Erdoğan, Putin discuss warplanes, submarine cooperation
Turkey and Russia will advance their cooperation in the defense industry areas such as plane engines, fighter jets and submarines, President Recep Tayyip Erdoğan said following talks with his Russian counterpart, Vladimir Putin, on Sept. 29 in the Russian resort city of Sochi.
“We had the opportunity to discuss what steps we could take on plane motors and warplanes,” the president told a group of journalists on the return flight to Turkey, he noted.
Putin offered to build land and sea platforms to launch space rockets, Erdoğan reaffirmed Turkey’s commitment to the S-400, vowing Ankara “would not take a step back” from the purchase, but called on the U.S. to either give the F-35 fighter jets Turkey ordered or return its $1.4 billion payment.
“Our process regarding the S-400 continues. There is no question of taking a step back. Of course, in this useful meeting, we talked about them in detail and discussed how to take them further,” the president stated.
“What steps will we take in the construction of aircraft engines, about warplanes... What kind of steps we will take, we had the opportunity to talk about them in detail. Hopefully, we will take the same step on aircraft engines. Another issue is that we can take many steps together in shipbuilding. We will again take joint steps with Russia including submarines,” Erdoğan stated.
The president also said he proposed that Turkey and Russia could work together on building two more nuclear power plants, on which the Russian side agreed to cooperate.
“We have a goal of building three nuclear power plants. We asked, 'Can we build these two nuclear power plants together with you?” he stated.
Turkey’s first nuclear power plant is under construction by Russia’s Rosatom state nuclear energy firm on the country’s southern coast and is expected to be online for Turkey’s centenary in 2023.
'Time to find permanent solution in Syria'
Erdoğan and Putin held their first face-to-face talks in 18 months in the Black Sea resort of Sochi, with the Syrian conflict high on their agenda as regime troops and Moscow increased airstrikes in recent weeks.
Elaborating on the issue of Syria, Erdoğan said the two leaders are of the opinion that it is “time to go beyond the details and find a permanent, final and sustainable solution to this issue.”
“We focused on the necessity of the steps we will take together in this regard,” he said.
“There are some differences of opinion from time to time on regional issues, where many actors are on the field, and which have complex aspects. But in this bilateral meeting, we saw that there is unity on almost all issues,” he stated.
Agreements with Russia on eliminating the YPG group from the region must be fulfilled, the president added.
“Another issue that I particularly focused on was the PKK/YPG’s presence in Moscow.
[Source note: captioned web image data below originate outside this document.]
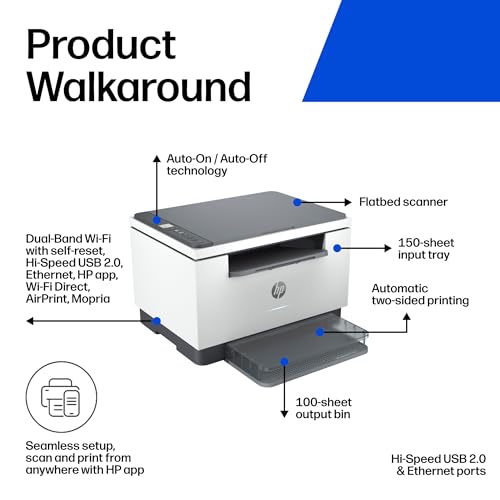 Laserjet Mfp M234Dw Wireless Printer, Print, Scan, Copy, Fast Speeds, Easy Setup, Mobile Printing, Best-For-Small Teams, Instant Ink Eligible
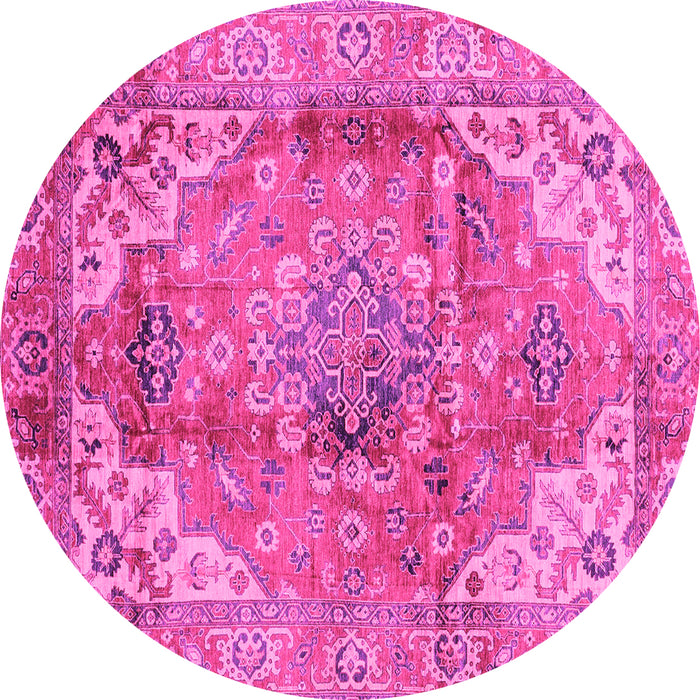 Round Abstract Pink Modern Rug, abs4006pnk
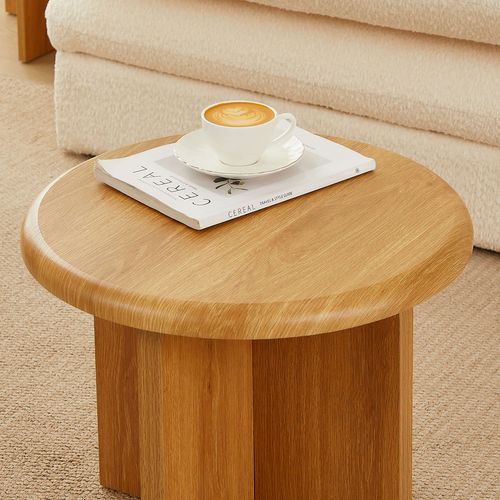 Table Basse Ronde Ocana Effet Chêne H40cm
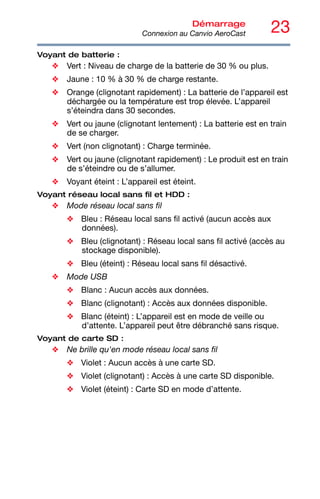 23
Démarrage
Connexion au Canvio AeroCast
Voyant de batterie :
❖ Vert : Niveau de charge de la batterie de 30 % ou plus.
❖ Jaune : 10 % à 30 % de charge restante.
❖ Orange (clignotant rapidement) : La batterie de l’appareil est
déchargée ou la température est trop élevée. L’appareil
s’éteindra dans 30 secondes.
❖ Vert ou jaune (clignotant lentement) : La batterie est en train
de se charger.
❖ Vert (non clignotant) : Charge terminée.
❖ Vert ou jaune (clignotant rapidement) : Le produit est en train
de s’éteindre ou de s’allumer.
❖ Voyant éteint : L’appareil est éteint.
Voyant réseau local sans fil et HDD :
❖ Mode réseau local sans fil
❖ Bleu : Réseau local sans fil activé (aucun accès aux
données).
❖ Bleu (clignotant) : Réseau local sans fil activé (accès au
stockage disponible).
❖ Bleu (éteint) : Réseau local sans fil désactivé.
❖ Mode USB
❖ Blanc : Aucun accès aux données.
❖ Blanc (clignotant) : Accès aux données disponible.
❖ Blanc (éteint) : L’appareil est en mode de veille ou
d’attente. L’appareil peut être débranché sans risque.
Voyant de carte SD :
❖ Ne brille qu'en mode réseau local sans fil
❖ Violet : Aucun accès à une carte SD.
❖ Violet (clignotant) : Accès à une carte SD disponible.
❖ Violet (éteint) : Carte SD en mode d’attente.
 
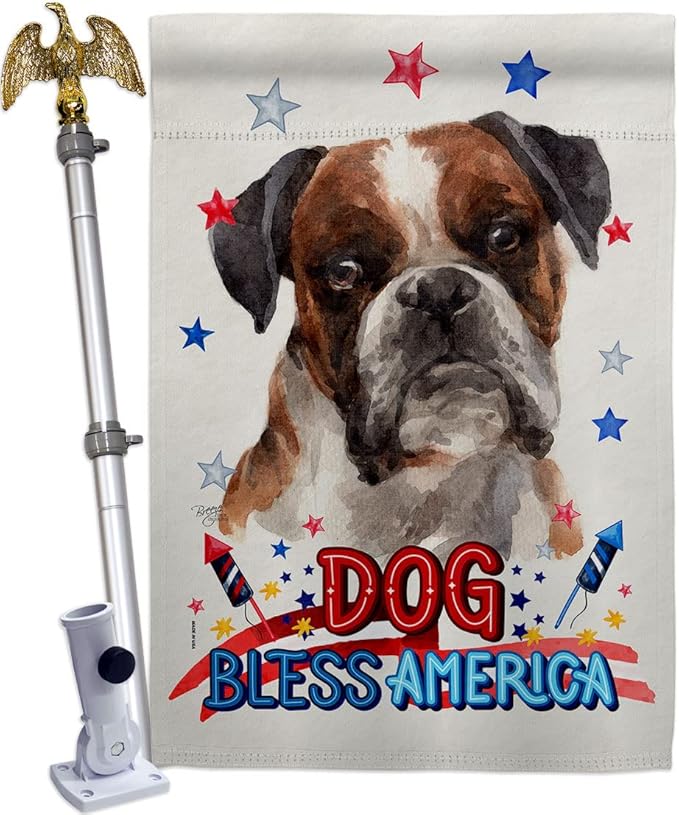 Breeze Decor Patriotic Brindle Boxer House Flag Eagle Set Dog Puppy Spoiled Paw Canine Fur Pet Nature Farm Animal Creature Decoration Banner Small Garden Yard Gift Double-Sided, Made in USA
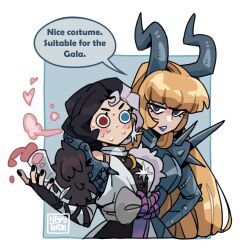 2girls absurdres armor black_gloves blonde_hair blue_eyes blush breasts cleavage_cutout clothing_cutout elbow_spikes gloves heterochromia highres horns long_hair luna_snow magik_(x-men) marvel marvel_rivals multicolored_hair multiple_girls nekitoron spiked_pauldrons split-color_hair two-tone_hair x-men yuri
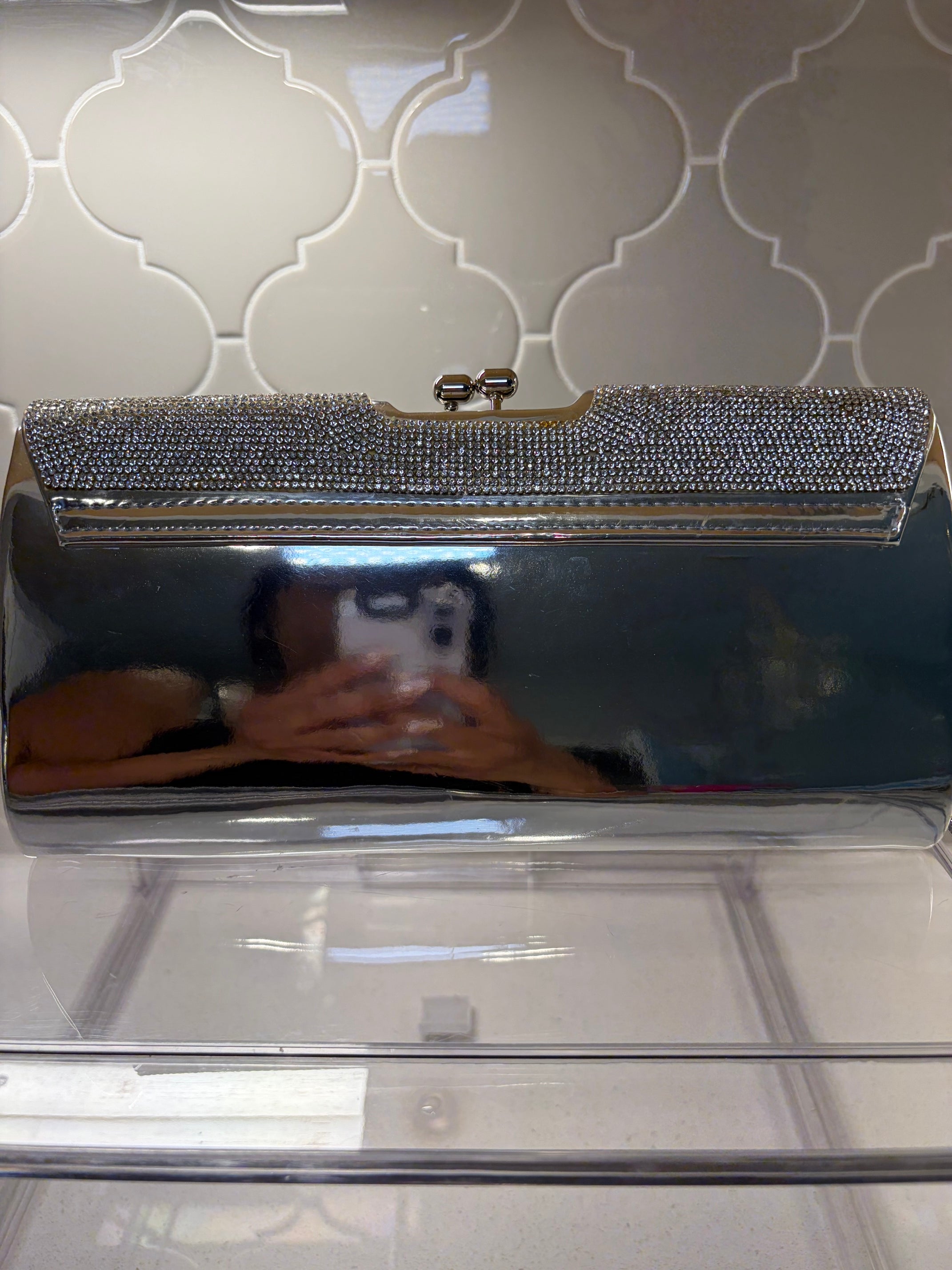 Sequin & Metallic Silver Jeweled Top Handbag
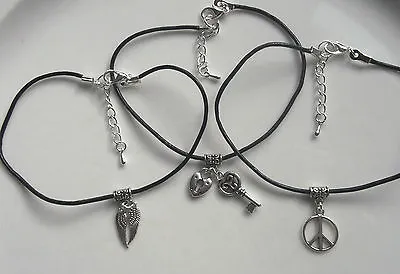 Black Leather Silver Tone Charm Anklet Ankle Bracelet Choice Of Charm And Size • £4.69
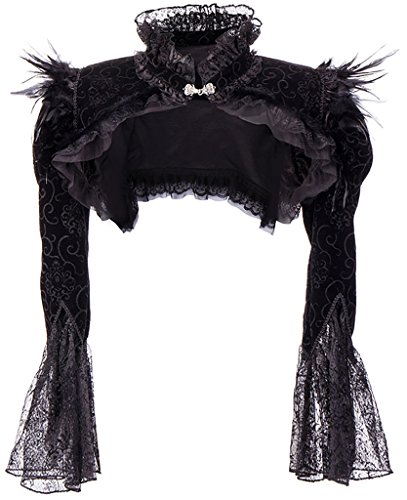 Alivila.Y Fashion Corset Womens Flannel Long Sleeve Steampunk Retro Jacket Shrug 21671-Black-XL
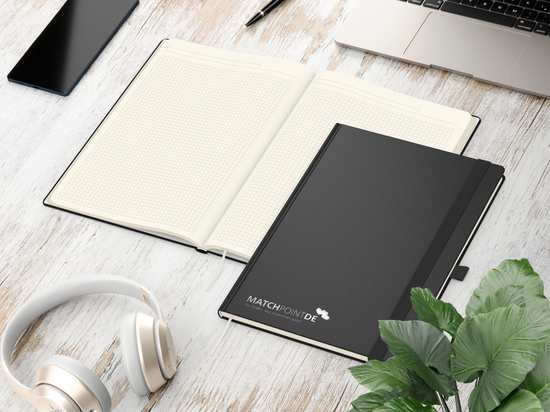 Notizbuch Vision-Book Creme Bestseller, A4, schwarz inkl. Silberprägung
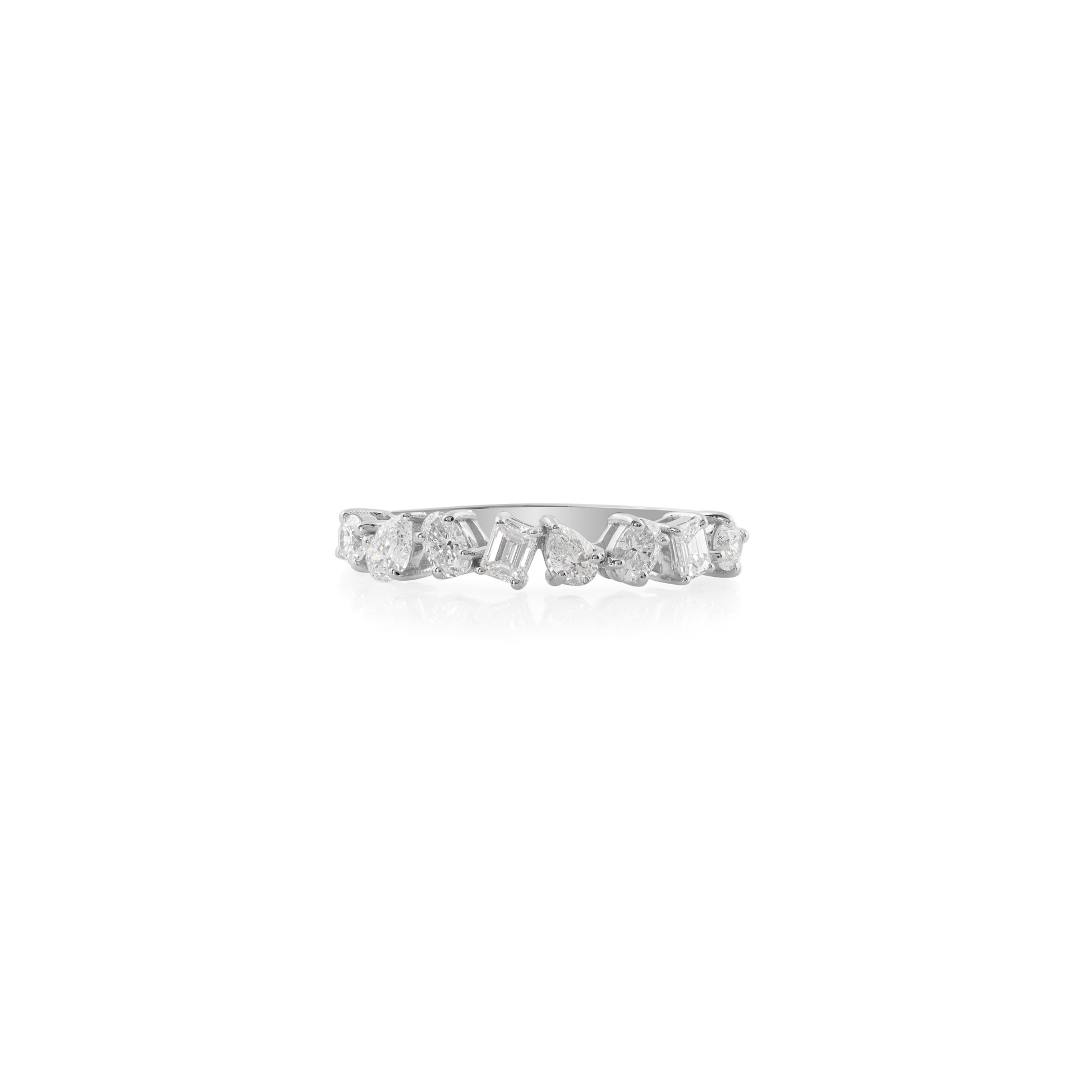 Fine Gold SI Clarity HI Color Diamond Multi Shaped Eternity Band Ring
I reminded them of this,” the president stated.
Erdoğan noted that he would meet with U.S. President Joe Biden on the sidelines of the G-20 meeting in Rome and then probably at the Glasgow Climate Change Conference.
“What will be the U.S. approach to Syria? We will have the opportunity to talk them out. We will consider all military, political, economic and commercial bilateral relations. For example, what about the F-35 problem? We paid $1.4 billion. What will it be? We need to see their fate.”
He is “seriously disturbed” by U.S. coordinator Brett McGurk’s “walking arm in arm with terrorists” in the region where Turkey fights them, Erdoğan said, referring to talks of the U.S. official with the YPG group.
Relations between Turkey and the U.S. are strained, and Erdoğan said last week that his personal ties with U.S. President Joe Biden had “not gotten off to a good start.”